AMY GOODMAN: Glenn Greenwald, I’d like you now to go through talking about who — how you evaluate some of these candidates. Your latest blog is called “The Case Against Elena Kagan” at Salon.com. Why?

GLENN GREENWALD: I think the starting point has to be that the three nominees, likely nominees, identified correctly by Nan Aron as the frontrunners — Elena Kagan, Judge Garland and Judge Wood — of the three, none of them would be more progressive than Judge Stevens. I don’t think there’s a single person anywhere who would suggest that that’s the case. There are a couple of possibilities, like Harold Koh and Pamela Karlan, whom Nan also discussed, who very well may be as progressive as, if not more progressive than, Justice Stevens, but most people believe that they’re not really viable choices. But the three frontrunners certainly are not more progressive than Judge Stevens.

And I think it’s very clear that two of them, Elena Kagan and Judge Garland, would actually be more conservative, perhaps much more conservative, than Justice Stevens would be. So what we’re talking about, if either of those two individuals are chosen — Elena Kagan, the current Solicitor General, or Judge Garland — what you’re really talking about is the effect of moving the Supreme Court to the right. Remember, this is a Supreme Court that’s already dominated by conservatives. You have Justices Scalia, Thomas, Roberts and Alito forming a basically impenetrable right-wing bloc, with Justice Kennedy, who was a Reagan appointee, frequently joining them. [no audio]

AMY GOODMAN: We’re talking to Glenn Greenwald, but we are talking by video stream, so sometimes it just gets caught up for a second.

Glenn, keep going.

GLENN GREENWALD: So we’re talking about the very real possibility here that President Obama, a Democratic president who progressives worked very hard to elect, with a Senate of fifty-nine Democrats, could actually move the Court to the right.

And what I’ve been focusing on is the record of Elena Kagan, because it’s well known that Judge Garland is clearly a moderate to conservative justice, and he has a long record of judicial opinions that people can go and read and see where he falls on the spectrum. Elena Kagan actually has very little record to speak of that would enable anybody to know where it is that she falls on the political spectrum.

And I think that issue, the fact that she has so little record, is disturbing in and of itself. I mean, why would progressives or Democrats, with an opportunity to replace somebody like Justice Stevens, possibly want to take a huge risk of appointing somebody to the Court whose judicial philosophy can’t really be discerned, because she’s spoken out almost never on most of the key constitutional and legal questions of the day? And that even includes, over the last decade, when there was an assault on the Constitution and the rule of law by the George Bush administration, and virtually every law professor, academician, anyone of note in the legal community, spoke out against what it was that Bush and Cheney were doing. She was completely silent. You can’t find a single utterance from her, in writing or orally, where she expressed a view one way or the other on the radical executive power claims of the Bush administration.

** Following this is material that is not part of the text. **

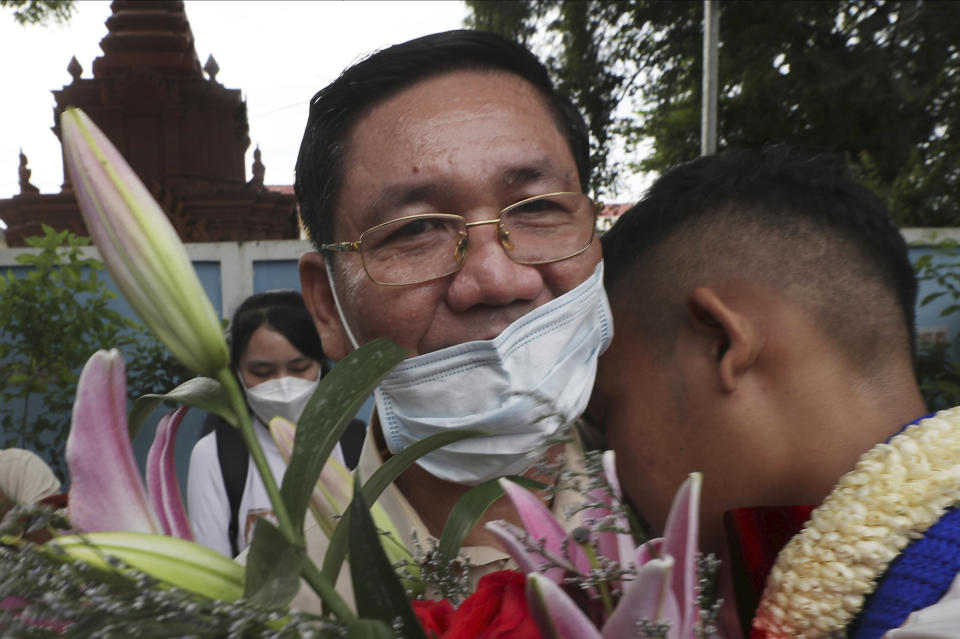 Thach Setha, left, a prominent vice president of the country's main opposition of Candlelight Party, hugs a boy in front of the Prey Sar main prison outside Phnom Penh, Cambodia, on Nov. 10, 2021. Thach Setha, a prominent leader of Cambodia’s political opposition, has been detained for allegedly issuing worthless checks, but his party said Tuesday, Jan. 17, 2023, the case is politically motivated. (AP Photo/Heng Sinith)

And what little there is to see comes from her confirmation hearing as Solicitor General and a law review article she wrote in 2001, in which she expressed very robust defenses of executive power, including the power of the president to indefinitely detain anybody around the world as an enemy combatant, based on the Bush-Cheney theory that the entire world is a battlefield and the US is waging a worldwide war.

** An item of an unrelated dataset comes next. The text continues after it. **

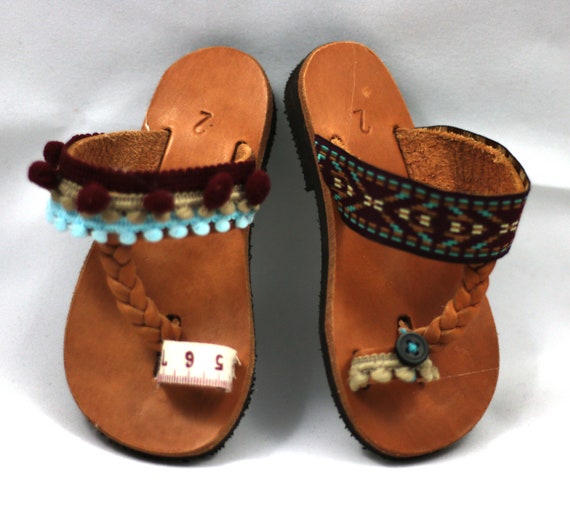 flip flops with pom poms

So I think there are a lot of reasons to be extremely worried about the prospect of the nomination of Elena Kagan, and the fact that she has very little record is, by itself, disturbing, and the little record that she has is even more so.

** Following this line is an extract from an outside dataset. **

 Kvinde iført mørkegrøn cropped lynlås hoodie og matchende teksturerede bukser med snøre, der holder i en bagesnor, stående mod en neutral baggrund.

AMY GOODMAN: Why do you think she has moved to the forefront? There’s been a big discussion about the fact that she has so much bipartisan support, Glenn.

GLENN GREENWALD: Well, we know that this administration loves the idea of pleasing conservatives, and anybody who is pleasing to conservatives is somebody who is much more attractive as a political appointee than somebody who is perceived as liked by the left. I mean, one of the very few important nominees that a President Obama made to an important position, Dawn Johnsen, was somebody — who was liked by the left, was someone whose nomination was left to linger for fourteen months and just abandoned. She was the nominee to head the important office of OLC.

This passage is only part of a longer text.